Following Raz’s introductory remarks, the exhibition catalogue cites legendary Tel Aviv mayor Meir Dizengoff, the first modern Hebrew city’s honcho who ruled the municipal roost, both in a de facto role as town planner, and thereafter as official mayor, from 1911 to 1935, other than a three-year hiatus in the 1920s. Ever the innovator, Dizengoff noted the manifold potential of the new city’s coastline. “Another area, which offers great rewards, which should be developed – and which can attract large numbers of tourists, visitors and convalescing people – I am talking about developing the seafront,” he wrote in 1932.
It took a while to get the beach up and running in all its open space, sandy, café- and play facility-strewn glory, and many of the various stages of developmental evolution appear in the exhibition. One of the many storied milestones in Tel Aviv’s annals is the operation of the Gale Aviv Café – aka The Casino – on the seafront from the early 1920s through to the mid-‘30s.
Nickname notwithstanding, the establishment never hosted gambling pursuits and served as a popular eatery and dance venue.
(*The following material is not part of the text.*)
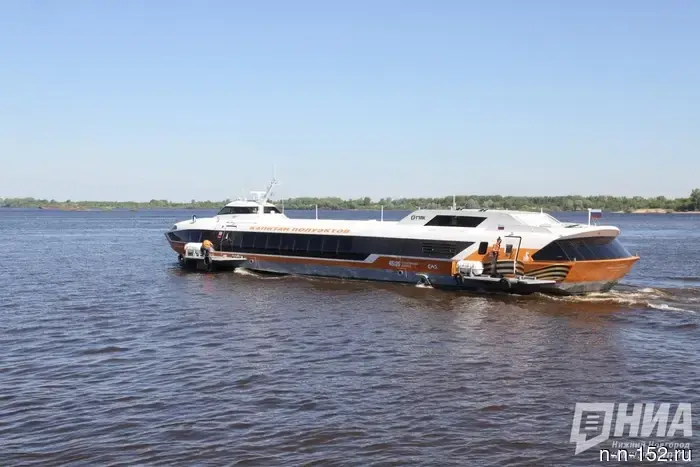 The "Meteor" will operate on the route Nizhny Novgorod - Gorodets during the May holidays.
The 1925 print on show was taken by Belarus-born seminal photographer Avraham Soskin, a pioneer in his field in this part of the world who earned the moniker “the Tel Aviv photographer.”
The sea, the curator is keen to point out, not only offers a breath of fresh air – both in a physical and metaphorical sense – to Tel Avivians enduing yet another sweltering summer – it also connects the big city with its much older and less well-heeled neighbor immediately to the south. “This narrow strip of beach joins its two aspects,” says Raz, “the first Hebrew city, a new and innovative metropolis, and its contrasting older sister Old Jaffa, Arous-al-Bahr, the bride of the sea.”
RAZ HAS GONE the whole hog with On the Coast of Tel Aviv, enlisting works by a wide range of photographers to chronicle as many physical, cultural, historical and sociopolitical angles of the stretch of beach in question as possible. The 50 or so exhibits include contributions from professionals from the last over century and a half, featuring 75 year old Israel Prize laureate Alex Levac; Polish-born trained architect Yitzhak Kalter whose pictures naturally document some of Tel Aviv’s landmark structures; Jaffa-based Yehudit Ilani who references the downmarket neighborhood of Ajami; and nineteenth century French sector leader (March 8, 1831-1885) Félix Bonfils who was highly active in the Middle East and was one of the first commercial photographers to produce images of the region on a large scale, as well as being among the first to employ a new method of color photography, developed in 1880. The American Colony Photographers collective, which was a major force in Middle Eastern photographic documentation from the late nineteenth through the first half of the twentieth century, also has some evocative prints – monochrome and color – on display, and current industry high flyer 60-year-old Vardi Kahana has a whimsical portrait of celebrated pop-rock musician Yoni Rechter in there, too.
Raz has done a good job of covering as many bases as possible through Tel Aviv’s century-plus storyline. On the Coast of Tel Aviv offers an entertaining and compelling microcosm of what has made the country’s busiest metropolis tick across the decades, as the political, demographic and social sands have shifted, along with the constant ebb and flow of the Mediterranean Sea that both marks the western limit of the city and a sense of what lies beyond.